Sometimes a Silicon Valley home buyer finds the right home, but it’s already under contract with another would-be home owner. If the sale is either new or not yet past its contingency period, it may be possible to write an offer and have it accepted by seller in backup position. In that case, if the first sale falls through, the backup goes into first position.
In other words, an accepted backup contract is a type of contingent sale: it is a seller contingency, meaning that contingent upon the current escrow terminating. The first sale may (probably will) go through, but in case it doesn’t, the seller knows that the transition will be easier because there’s already an acceptable purchase agreement in the wings. Often it’s better.
Why write a backup offer?
Although they seldom go through, a backup offer enables both the interested buyer and the seller to be ready should the transaction that’s currently in escrow not go to closing. For the buyer, it means not having to wait, or potentially deal with multiple offers should the property become available again. For the seller, it means knowing the price and terms the property would sell for if the first buyer walked away.
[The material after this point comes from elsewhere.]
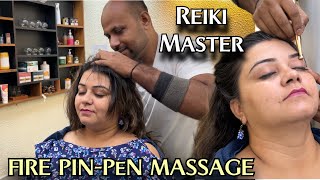 Reiki master Giving Head massage therapy with Fire Pin Pen Massage to Pinky Massues ! Neck cracking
Many times today, the very best homes – in good shape, nicely staged and aggressively priced – are selling with multiple bids. In those cases, sometimes there are several with the same price and terms, or at least very close. Rather than say no to all, one may be accepted and another requested to be in backup.
In many cases, especially if the backup comes a week or so too late, the backup offer is at a higher price and better terms than the one in place. The hope and strategy, of course, is that the seller will prefer the backup to the one in place. The result? The buyers in contract usually do not ask for much, if anything, in the way of repairs or concessions.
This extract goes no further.